The first is a live issue for us at the moment because we’re designing something new at BGV and deciding who we should pitch it to and how. So I’ll be having lots of discussions about this in the coming months. I’ll come back to the other one in another post.

At one extreme, impact investment is providing capital to (usually) charities that have a proven track record of delivering social impact and when you put money in, you get social benefit out. The difference to a grant or donation is that you look for a model that means you also get money back, usually because there is some third party who is willing to pay for that social impact.

At the other extreme of the scale you tip into what you might call positive investment where you really just screen out ‘evil’ investments. Something like an SRI fund for example.

The distinction between impact and positive investment is whether you decide upfront what kind of social or environmental impact you are trying to achieve and then set out to measure it. Do you have a specific goal (or small number of goals) in mind? If you do, then that’s impact investment. If you don’t then it’s positive investment.

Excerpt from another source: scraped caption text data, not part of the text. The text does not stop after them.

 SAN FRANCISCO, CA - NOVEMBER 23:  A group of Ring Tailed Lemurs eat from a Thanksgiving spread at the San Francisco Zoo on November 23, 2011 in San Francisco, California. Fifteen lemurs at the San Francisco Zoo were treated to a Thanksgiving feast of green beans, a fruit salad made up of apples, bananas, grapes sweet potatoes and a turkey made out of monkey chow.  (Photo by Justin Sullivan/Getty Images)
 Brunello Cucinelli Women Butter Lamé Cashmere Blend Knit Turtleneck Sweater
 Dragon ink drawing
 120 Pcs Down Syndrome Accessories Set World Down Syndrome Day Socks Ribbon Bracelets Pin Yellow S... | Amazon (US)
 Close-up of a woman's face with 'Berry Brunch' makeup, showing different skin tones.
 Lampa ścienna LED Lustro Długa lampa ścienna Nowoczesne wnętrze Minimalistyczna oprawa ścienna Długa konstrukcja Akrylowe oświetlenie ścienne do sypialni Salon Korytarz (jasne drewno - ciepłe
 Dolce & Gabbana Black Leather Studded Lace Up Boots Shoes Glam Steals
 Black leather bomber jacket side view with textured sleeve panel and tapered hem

This matters because it determines who might provide the capital for your fund. There is a spectrum between the two but different investors will have different cut offs as to where they will invest.

For me this is the real debate about the future of impact investment. It’s got nothing to do with the legal form of the organisations you invest in (that’s a red herring) but is about the intention of the investors and the founders of the ventures and then how you measure and improve the realisation of that intention.